Segment Start: Extracted records
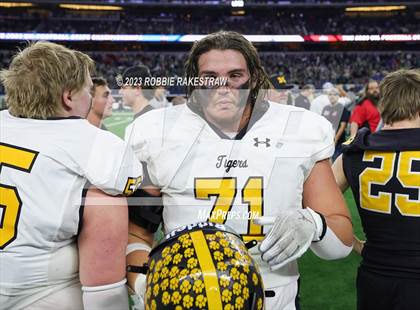 Thumbnail 1 in Franklin vs. Malakoff (UIL Football 3A D1 Final Medal Ceremony) photogallery.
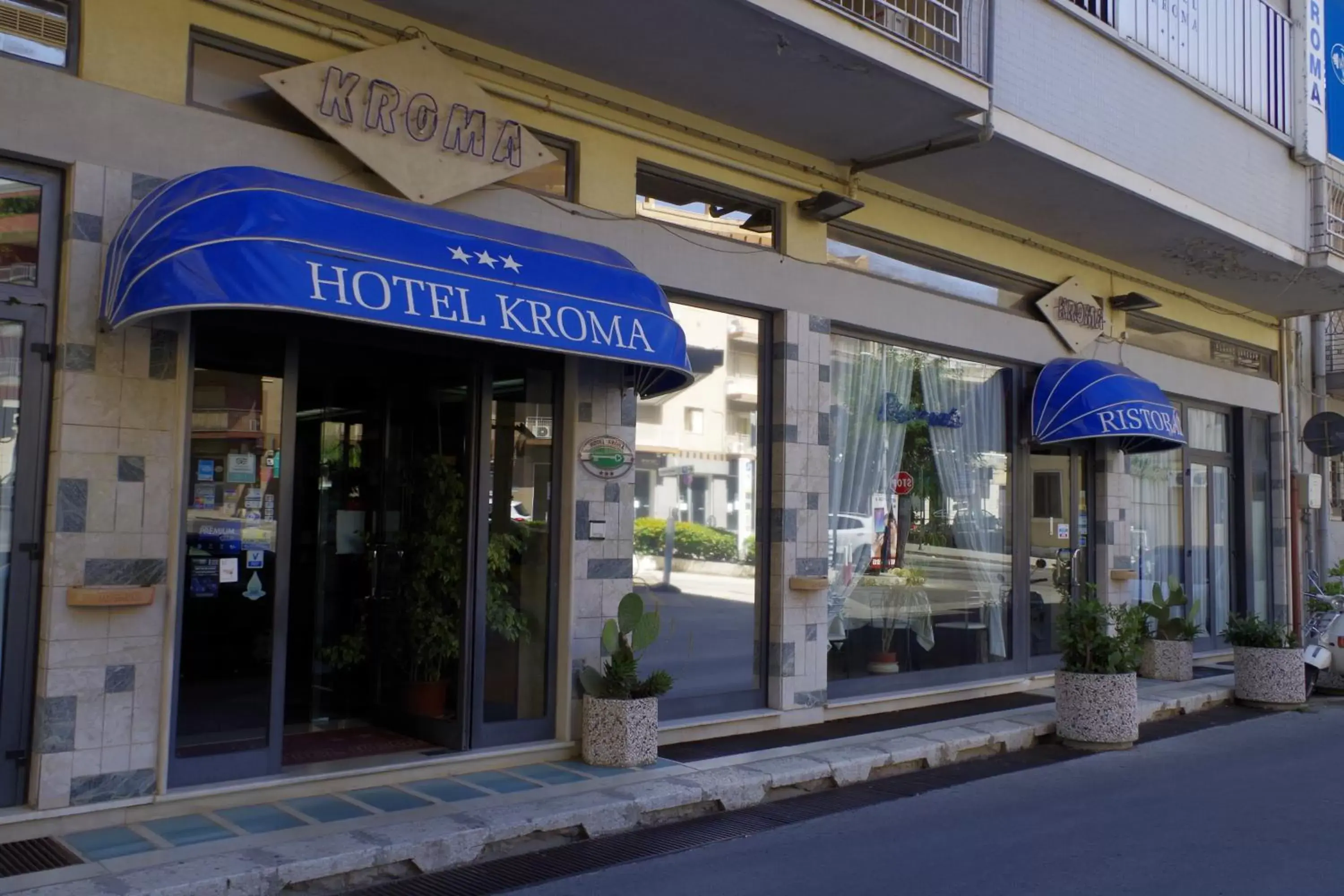 Facade/entrance in Hotel Kroma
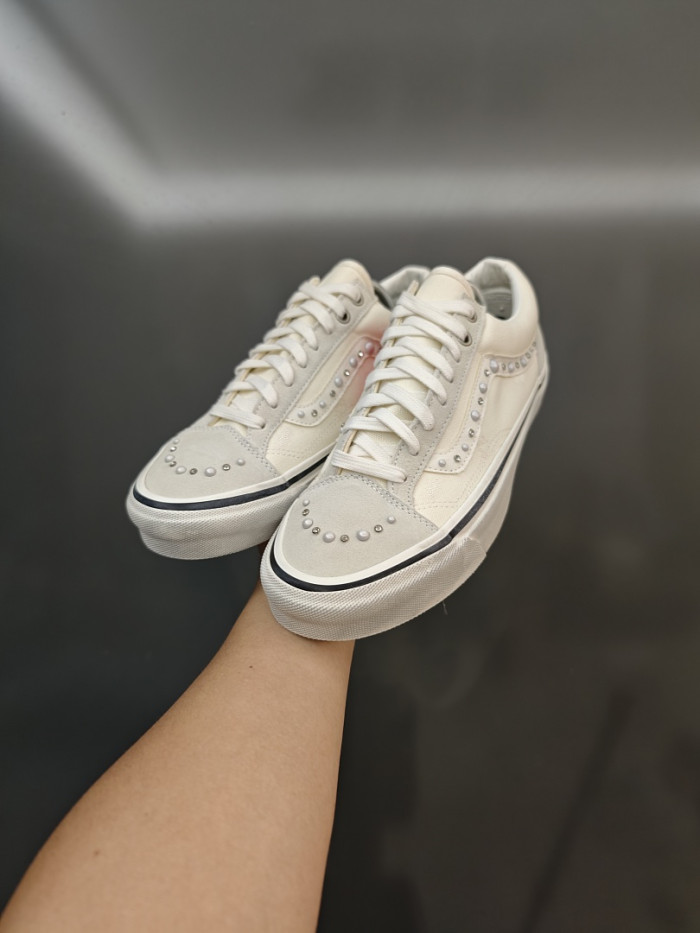 Vans Sneakers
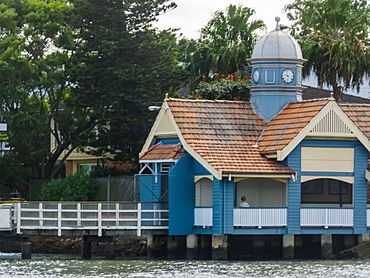 Bulimba Ferry Terminal Oxford St Bulimba P1230897.jpg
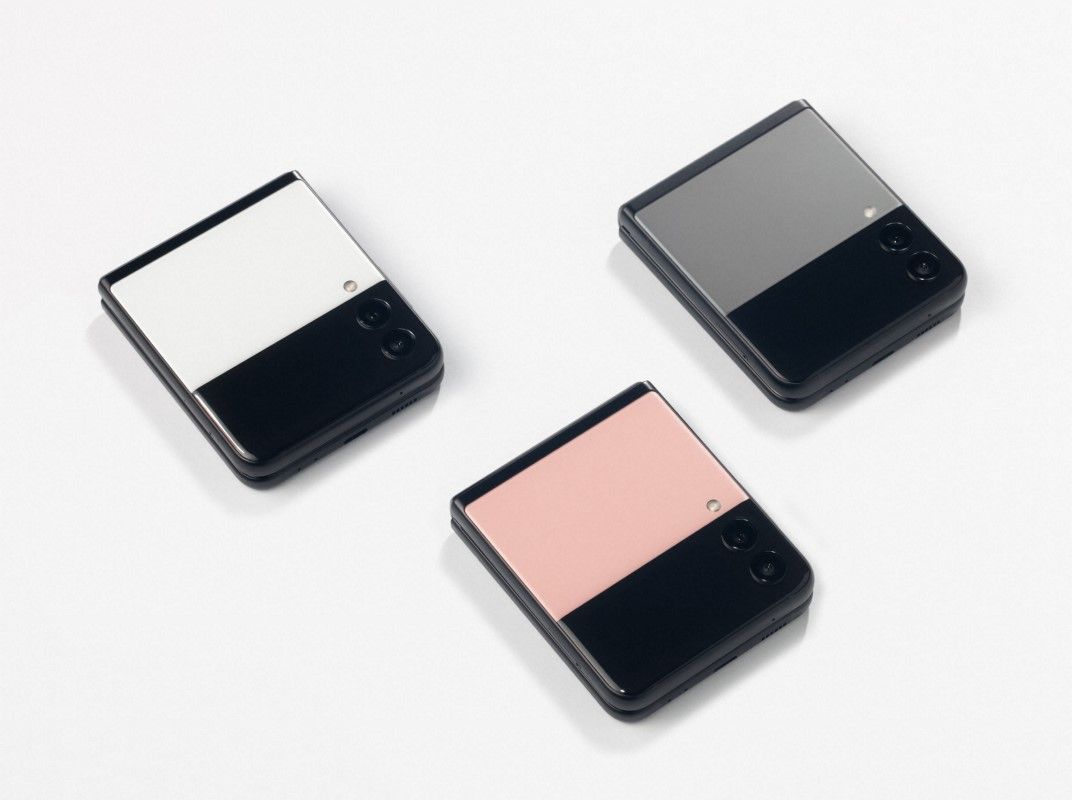 Does the Samsung Galaxy Z Flip 3 offer dual SIM?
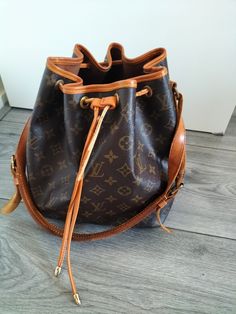 Vintage Louis Vuitton Petit Noe damestas. Origineel met gebruikssporen. Lv Noe, Vintage Lv Bag, Louis Vuitton Vintage Bag, Louis Vuitton Noe Bag, Louis Vuitton Petit Noe, Sac Louis Vuitton, Lv Bags, Autumn 2024, May 2023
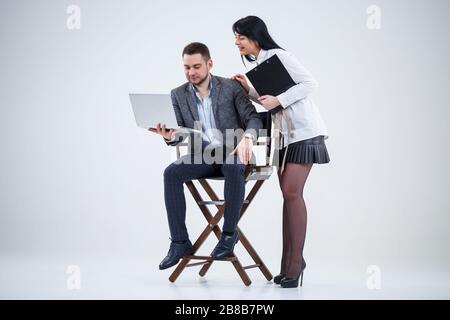 Chefberater des Lehrer-Mentors spricht über ein neues Online-Projekt für eine junge Praktikantin, einen fokussierten Leiter, eine Führungskraft und einen Lehrenden Stockfoto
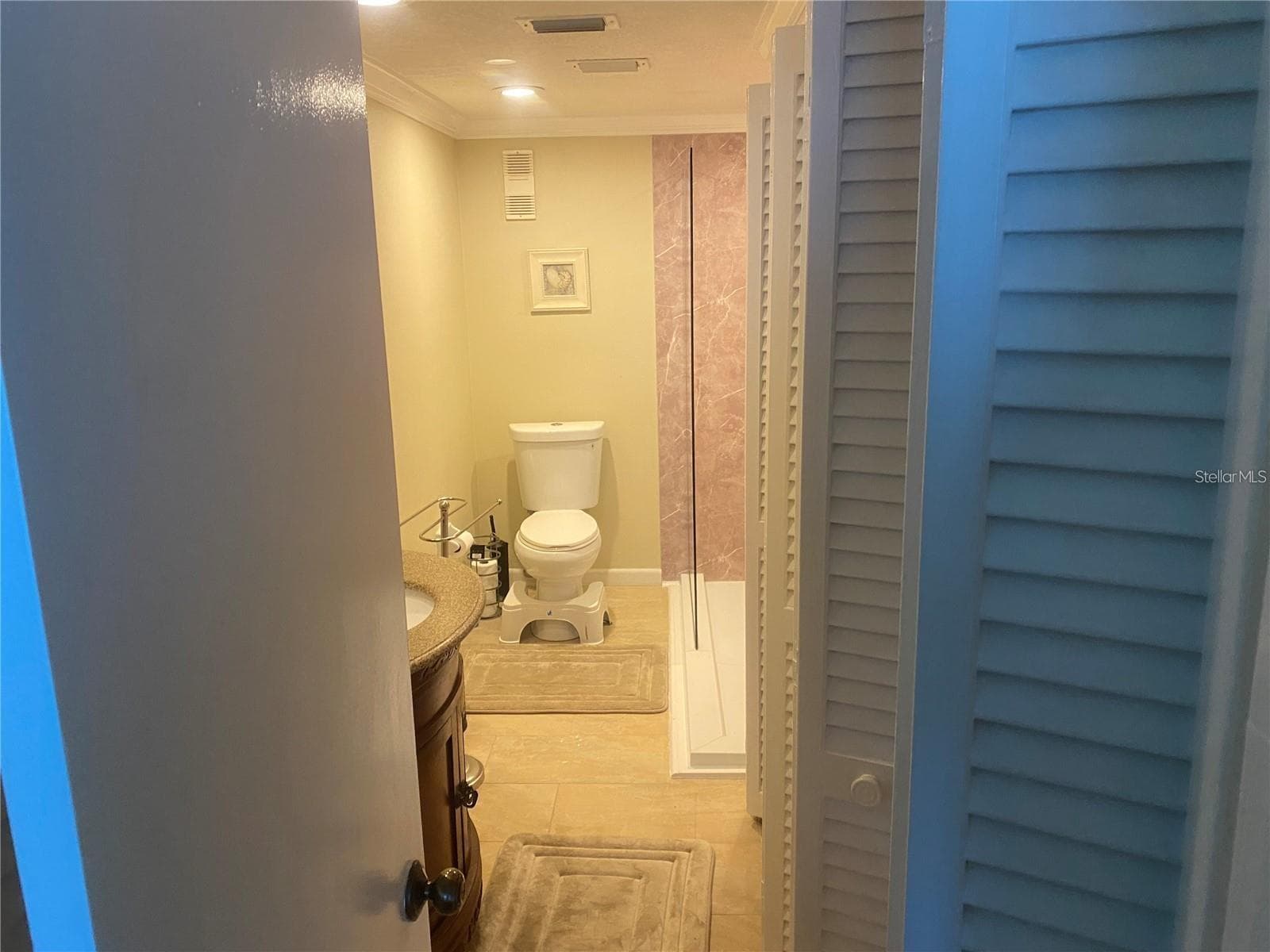 Condominium at 7100 SUNSHINE SKYWAY LN S #906, ST PETERSBURG, photo 22 of 33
Segment End: Extracted records
**Exercise prompt**
Please retype all the entries word for word, omitting the pictures.

**Answer box**
 Thumbnail 1 in Franklin vs. Malakoff (UIL Football 3A D1 Final Medal Ceremony) photogallery.
 Facade/entrance in Hotel Kroma
 Vans Sneakers
 Bulimba Ferry Terminal Oxford St Bulimba P1230897.jpg
 Does the Samsung Galaxy Z Flip 3 offer dual SIM?
 Vintage Louis Vuitton Petit Noe damestas. Origineel met gebruikssporen. Lv Noe, Vintage Lv Bag, Louis Vuitton Vintage Bag, Louis Vuitton Noe Bag, Louis Vuitton Petit Noe, Sac Louis Vuitton, Lv Bags, Autumn 2024, May 2023
 Chefberater des Lehrer-Mentors spricht über ein neues Online-Projekt für eine junge Praktikantin, einen fokussierten Leiter, eine Führungskraft und einen Lehrenden Stockfoto
 Condominium at 7100 SUNSHINE SKYWAY LN S #906, ST PETERSBURG, photo 22 of 33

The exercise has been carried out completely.